100% duty cycle mosfet driver

At 100% duty cycle the bootstrap capacitor (C1 in the 'typical application' schematic in the datasheet) will eventually discharge to the point where the HO output can no longer keep the high side MOSFET turned on. How long this takes depends on the load on C1.

If you need to operate at 100% then you will have to generate a separate bias rail for the CBOOT pin (C1)

Alternatively - and this is just a suggestion. You could have two LM2726 devices each running at a maximum of 50% duty cycle at 180degrees out of phase. Or have two LM2726 devices, use one to generate duty cycles from 0 to 50% and the other to generate only the additional duty cycle over and above the 50% generated by the first driver. ie, for a 25% duty cycle, driver 1 operates at 25%, driver 2 operates at 0%. For a 66% duty cycle, driver 1 operates at 50% duty cycle and driver 2 operates at 16% duty cycle - of course driver 2 output should go high as driver 1 reaches the 50% point.

Regards
Colin

Hi Colin,

Thanks you for your reply. That's a good idea to do so. Moreover, besides LM 2726, do you know any other mosfet driver than can output 100% duty cycle.

Thanks again.

Sincerely,

Yuan

Hello Yuan

Almost any MOSFET driver could do this - the only requirement is that the bootstrap capacitor be kept charged. the problem is that the idea I suggested above won't actually work !. Apologies for this.

Anyhow, there is more than one way to tackle this problem. You can keep the bootstrap capacitor charged by using a small high frequency transformer to generate the 12V rail for the Bootstrap capacitor. This allows the driver to keep the top side MOSFET ON for as long as  you like.

the transformer requirements are pretty simple - drive its primary from a 12V supply and rectify the output. You may have to put some small resistive load or a zener diode on the output to keep the HB output within reasonable limits.

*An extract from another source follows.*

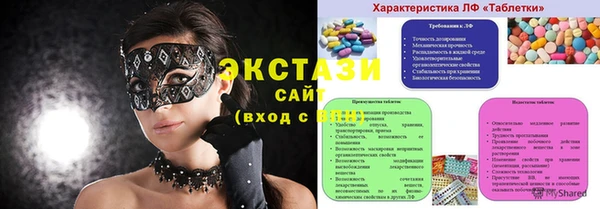 крисы Вязники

You could find a suitable transformer if you look for gate driver transformers on the web.

Regards

Colin

Hello Yuan     this is the image / schematic that I thought I had attached to the previous post - this should show the basic idea I have in mind. Colin

Hello Colin,

I try to use the topology in below link in page 4 to build a non-inverting buck-boost  converter. I use 4 mosfets in the converter. For boost mode, the mosfet Q1 needs to be always on. I have tried several ways to drive the mosfet, but HO output can no longer keep the high side MOSFET turned on after maybe 10 seconds. I know it is because of the bootstrap capacitor discharged. So could you suggest a driver that can work in this topology?  In the PDF file in page 5, LM5118 is used, but I need a dual synchronous mosfet driver.  Do you have any suggestions?

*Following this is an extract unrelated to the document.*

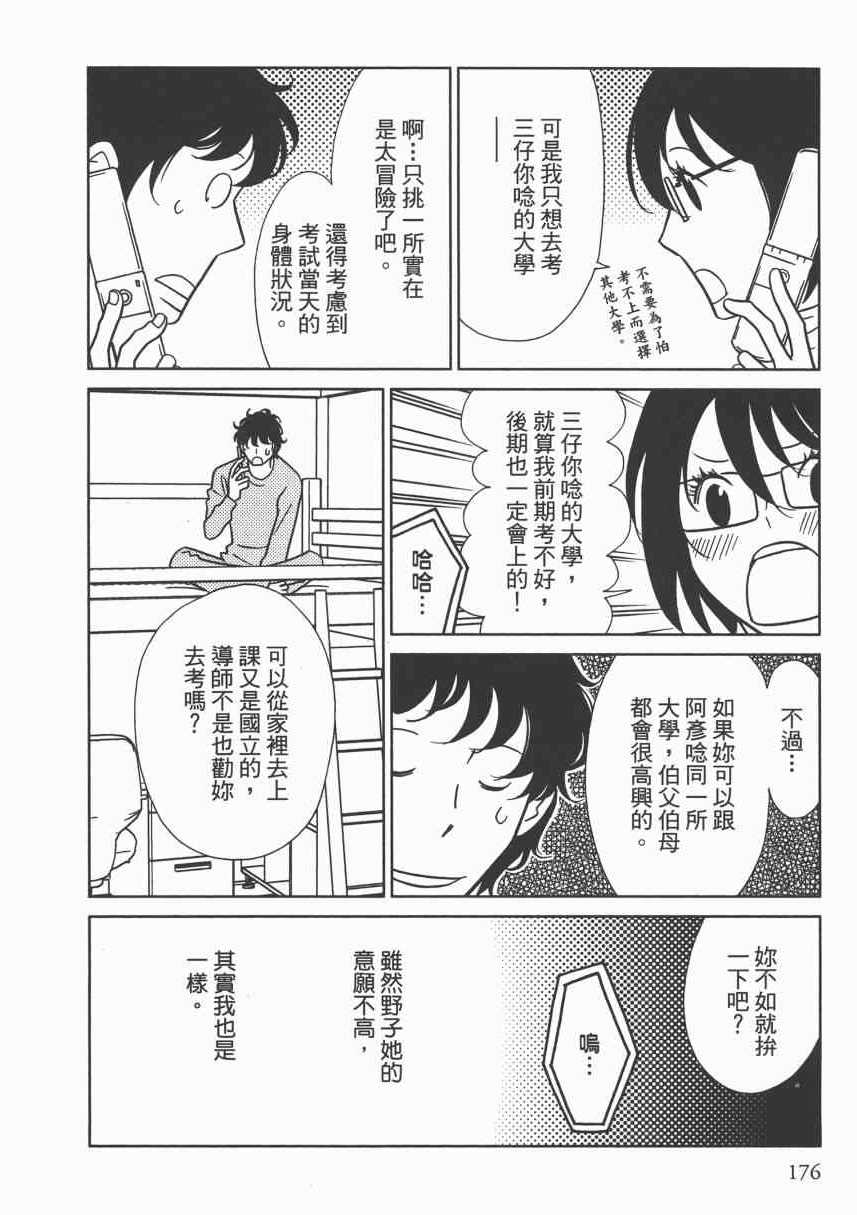 《现在开始认识我 宇仁田由美作品集》漫画 现在开始认识我 001卷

www.ti.com/.../slyt584.pdf

Thanks again for your help

Sincerely,

Yuan

Hello Yuan

Fig 8 and Fig 9 in the Data Sheet for the LM5118 clearly show that Q1 is switching in both the Buck and Buck/Boost modes. This means that its' bootstrap capacitor is recharged at every switching cycle. On the other hand the slyt584 diagram clearly shows the Q1 device ON during Boost mode and active during Buck mode. This is because the Buck/Boost mode described in the datasheet is different to the Boost mode described in slyt584. The title for Figure 6 is 'Two-switch buck-boost converter features buck and buck-boost operating modes' - this is not the same as the buck and boost modes shown in Figure 4 and Figure 5. Definitely confusing.

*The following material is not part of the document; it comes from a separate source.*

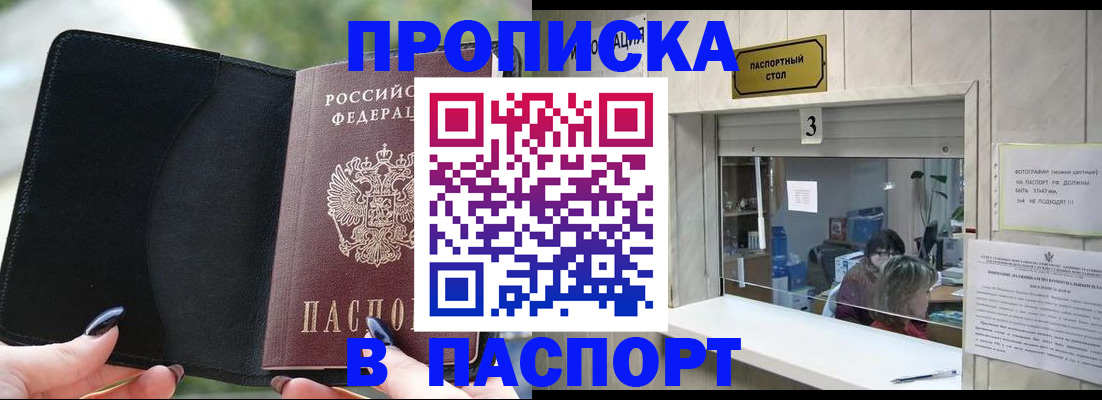 временная регистрация госуслуги в Петровск-Забайкальском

The LM5175 is another device which controls 4 switches and operates in Buck and Boost modes.

The idea I sent earlier - using a transformer to generate a bias rail for the bootstrap capacitor - should work for both devices. You just need to decide if the LM5175 or LM5118 are better suited to your application.

Thinking about it - you could use one of the gate drive outputs to drive both a MOSFET switch and the primary of the transformer (VSQ) in the diagram. You need this transformer active during boost mode only, so you could drive it from the output used to control Q2 in the diagram.

Regards

Colin